═══ RECORDS FOR THIS TASK

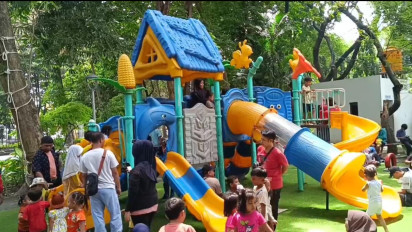 Taman Flora Surabaya Jadi Destinasi Favorit Wisata Keluarga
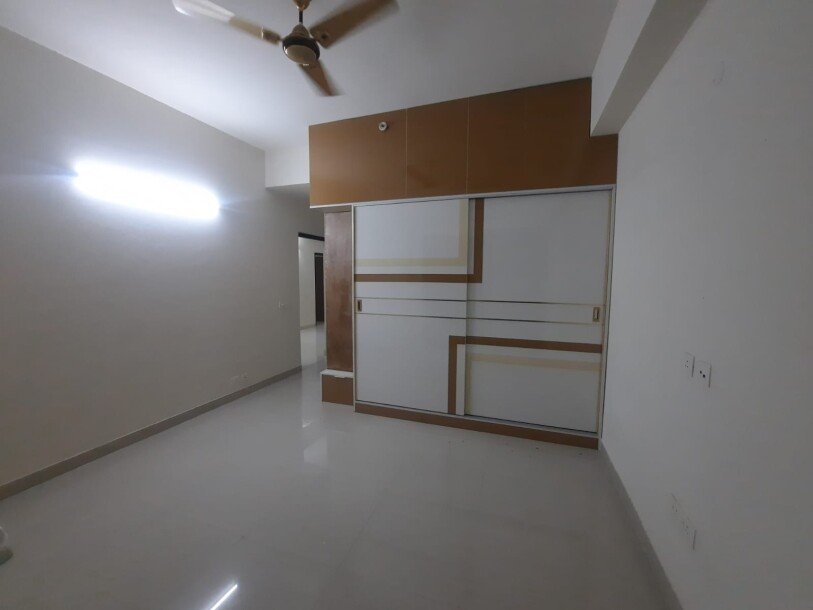 4 BHK Apartment for rent in Adani M2K Oyster Grande Sector-102 Gurgaon-1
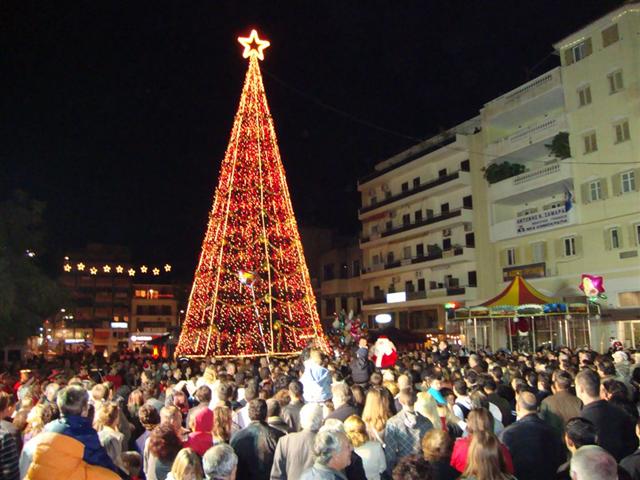 Το άναμμα του Χριστουγεννιάτικου δέντρου στην Καλαμάτα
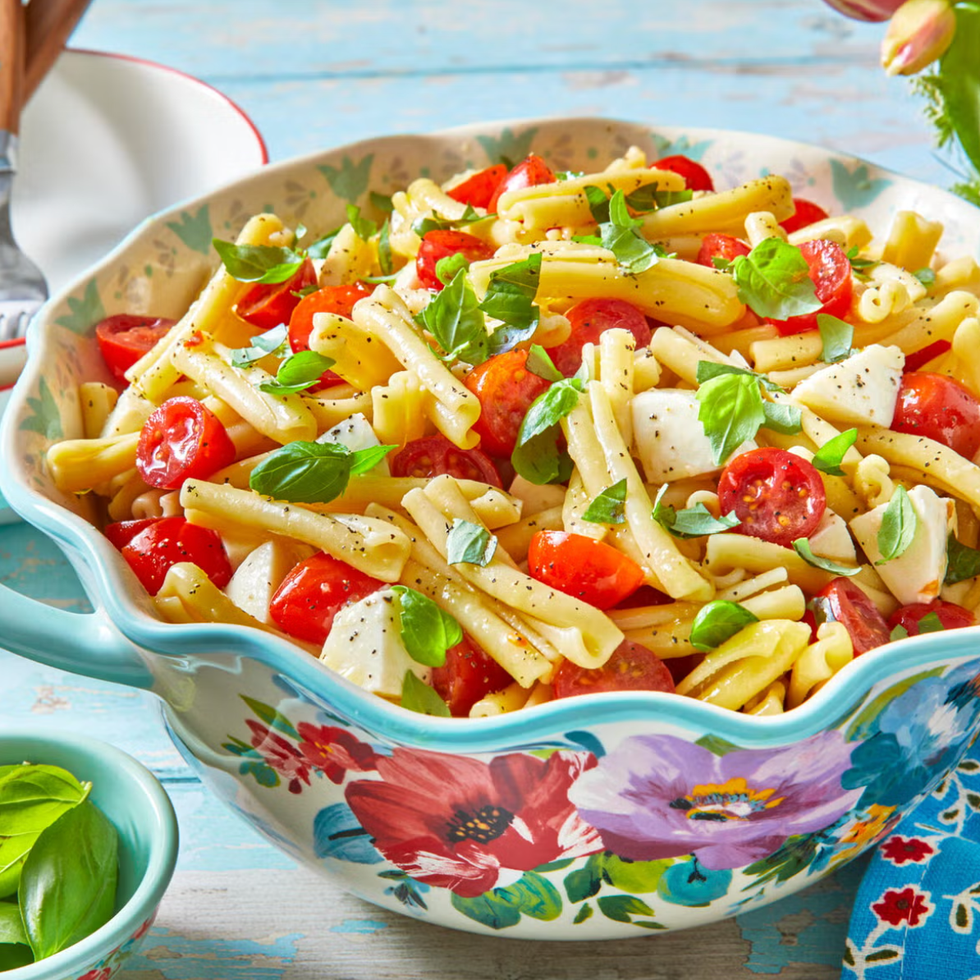 caprese pasta salad pool party food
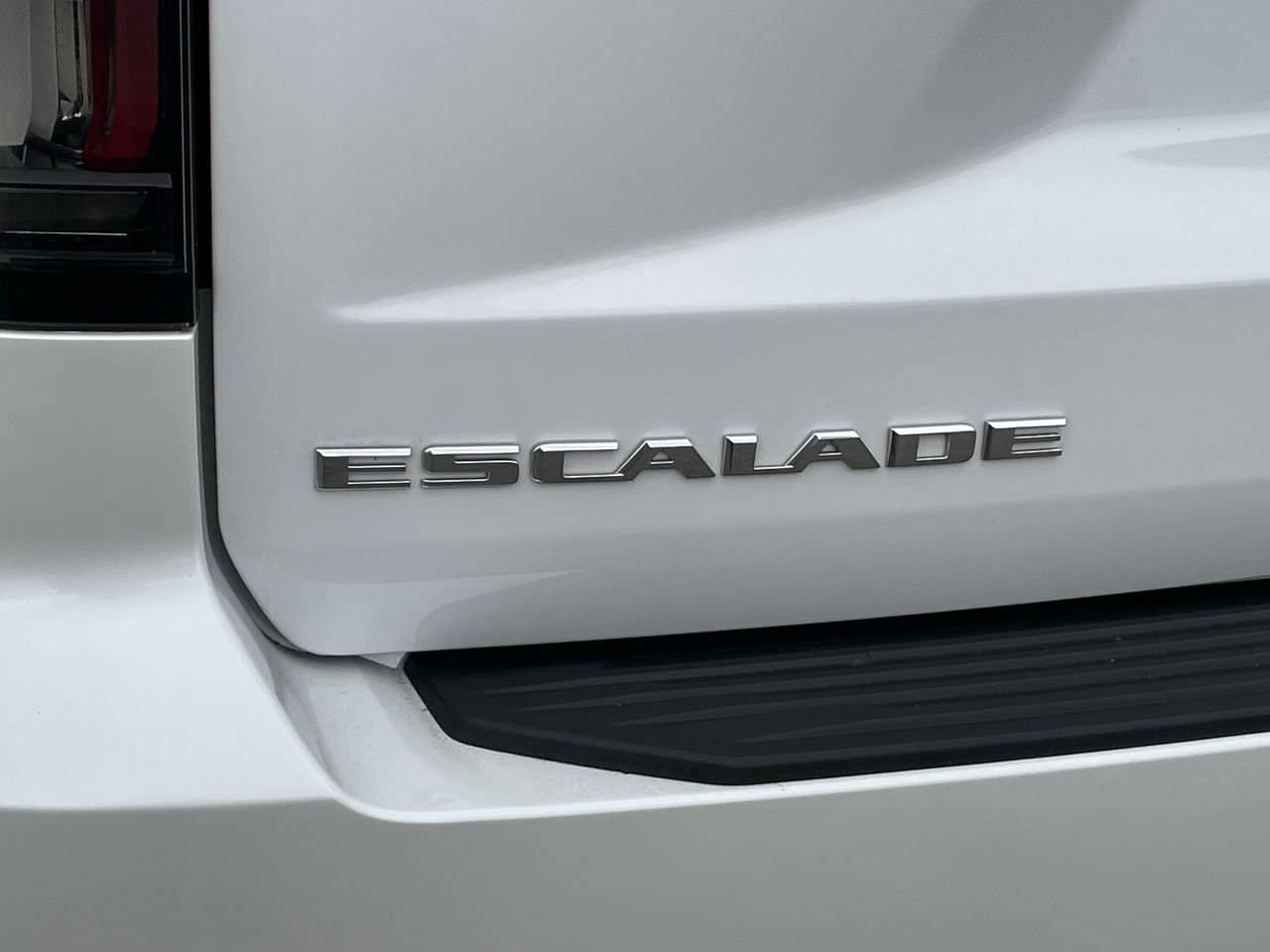 Thumbnail: 2023 Cadillac Escalade - 44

══════

**ACTIVITY**
Your task is to transcribe exactly the lines from the one containing "Το άναμμα του" through the final line of the entries above, pictures excluded.

**TASK RESPONSE**
 Το άναμμα του Χριστουγεννιάτικου δέντρου στην Καλαμάτα
 caprese pasta salad pool party food
 Thumbnail: 2023 Cadillac Escalade - 44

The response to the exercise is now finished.